Sunken Ship Believed To Be Foreign-Owned

A log carrier that sank in the Taiwan Straits last week probably belonged to a foreign company sailing under the Cambodian flag, shipping officials said Sun­day.

As authorities in the Straits sorted out the death toll and cause of Thursday’s sinking, Pheng Hok, a government shipping official in Sihanoukville, said the ship’s owners and crew were probably foreigners. A government policy allows ships to sail under the Cambodian flag provided they pay taxes on it.

“There are no log carriers out of Sihanoukville, but the government has provided licenses to hundred of goods carriers to use the Cambodian flag for business operations,” Pheng Hok said.
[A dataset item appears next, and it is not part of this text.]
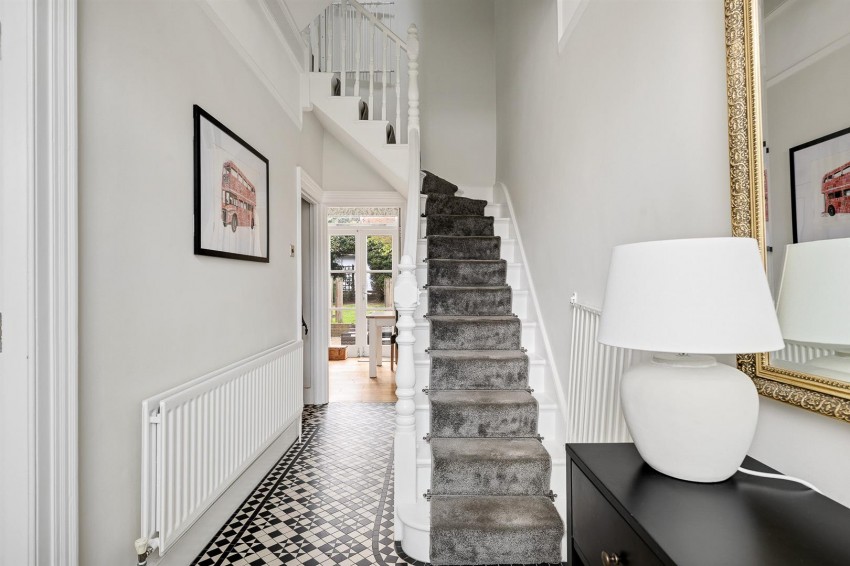 Images for Earlshall Road, London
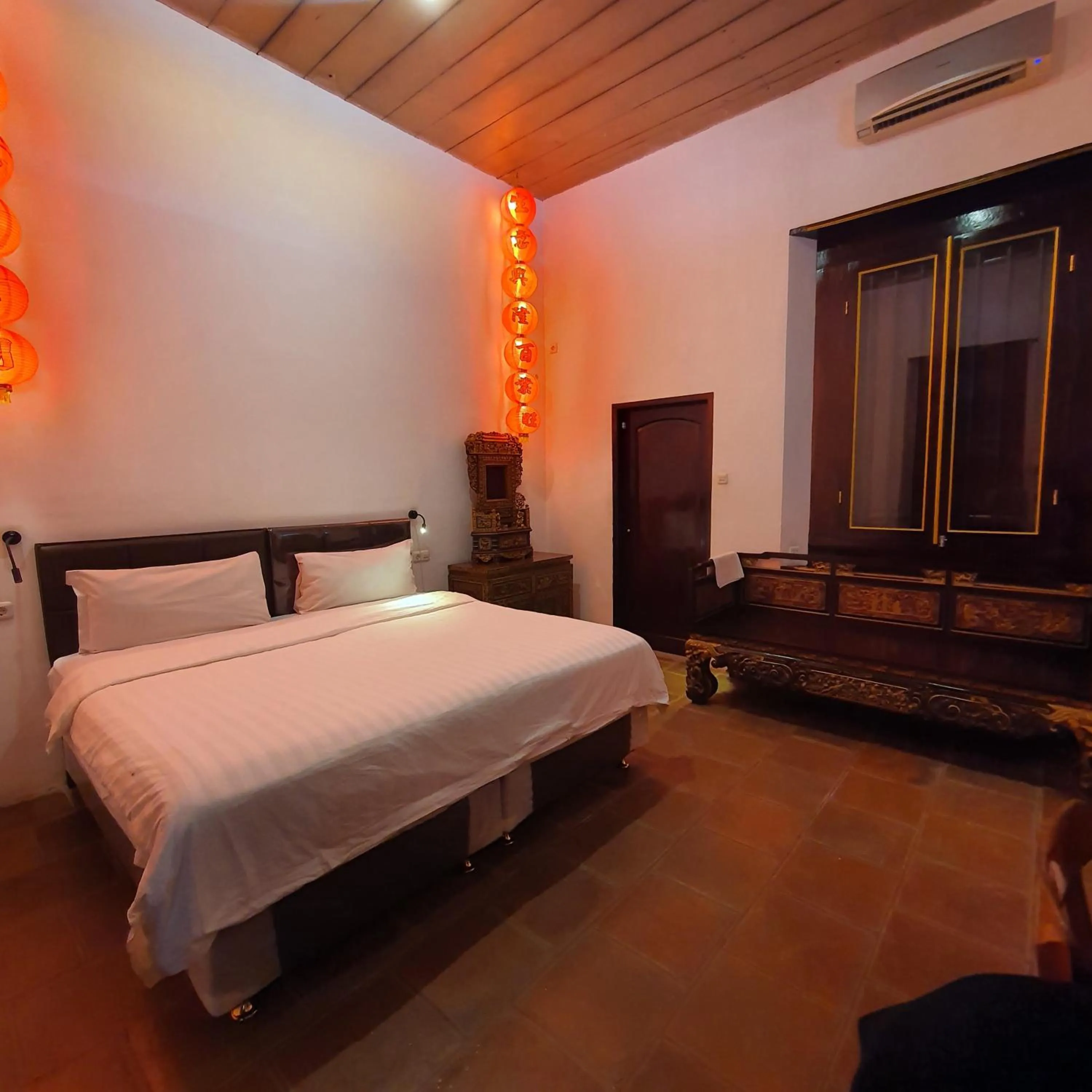 Bedroom, Bed in Tiongkok Kecil Heritage Lasem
Most of the foreign companies are Korean, and they use the Cambodian flag because it is relatively inexpensive and Cam­bodian regulations are less stringent, Phen Hok said.

“It is a government policy in order to collect taxes,” Phen Hok said of the program. “But it also helps businessmen to increase their income.”

According to the Russian news agency ITAR-TASS, the Pamella Dream, carrying a Russian crew of 19, sank Thursday 100 km west of the Taiwanese coast. Three crew members are confirmed dead and four are missing.

Survivors, plucked from the sea by several passing ships, were taken to Hong Kong over the weekend.

One of the rescue vessels was the passenger liner Aurora. A passenger on board the liner, Kit Cummings, said the liner had been cruising along the Taiwan Straits when the captain informed passengers that a boat was sinking, and they were altering course and steaming to the rescue. Cummings estimated that about 10 people had been rescued from the water by other ships in the vicinity.

Cummings said it remains unclear why the Cambodian vessel went down, although there is speculation that huge logs on board the vessel “must have moved and caused the ship to founder.”